:: DATASET RECORDS ::

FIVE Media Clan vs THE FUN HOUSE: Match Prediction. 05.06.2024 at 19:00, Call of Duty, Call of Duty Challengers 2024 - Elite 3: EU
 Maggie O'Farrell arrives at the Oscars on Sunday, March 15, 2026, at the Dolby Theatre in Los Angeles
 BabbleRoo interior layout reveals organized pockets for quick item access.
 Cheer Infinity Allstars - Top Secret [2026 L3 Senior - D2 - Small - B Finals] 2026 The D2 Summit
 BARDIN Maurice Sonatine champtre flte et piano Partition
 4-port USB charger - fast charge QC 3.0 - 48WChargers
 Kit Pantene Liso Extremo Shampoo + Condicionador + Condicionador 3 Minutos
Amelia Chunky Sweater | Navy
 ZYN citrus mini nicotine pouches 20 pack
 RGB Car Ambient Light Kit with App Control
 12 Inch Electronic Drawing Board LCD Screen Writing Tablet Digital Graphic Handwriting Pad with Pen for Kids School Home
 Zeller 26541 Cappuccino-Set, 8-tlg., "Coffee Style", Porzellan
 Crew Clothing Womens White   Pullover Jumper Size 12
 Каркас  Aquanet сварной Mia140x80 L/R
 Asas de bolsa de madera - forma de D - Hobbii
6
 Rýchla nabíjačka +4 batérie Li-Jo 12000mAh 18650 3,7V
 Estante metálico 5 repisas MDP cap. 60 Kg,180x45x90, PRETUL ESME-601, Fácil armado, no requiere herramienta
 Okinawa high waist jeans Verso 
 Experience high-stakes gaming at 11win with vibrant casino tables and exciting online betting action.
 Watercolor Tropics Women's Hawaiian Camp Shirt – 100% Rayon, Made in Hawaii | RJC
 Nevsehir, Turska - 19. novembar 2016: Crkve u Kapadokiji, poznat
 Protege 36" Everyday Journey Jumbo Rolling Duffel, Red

:::

• _WHAT YOU ARE ASKED TO DO_
Your task is to quote, without any alteration, the lines running from the top of the records to the line that holds "4-port USB charger", both included.

• _SOLUTION_
FIVE Media Clan vs THE FUN HOUSE: Match Prediction. 05.06.2024 at 19:00, Call of Duty, Call of Duty Challengers 2024 - Elite 3: EU
 Maggie O'Farrell arrives at the Oscars on Sunday, March 15, 2026, at the Dolby Theatre in Los Angeles
 BabbleRoo interior layout reveals organized pockets for quick item access.
 Cheer Infinity Allstars - Top Secret [2026 L3 Senior - D2 - Small - B Finals] 2026 The D2 Summit
 BARDIN Maurice Sonatine champtre flte et piano Partition
 4-port USB charger - fast charge QC 3.0 - 48WChargers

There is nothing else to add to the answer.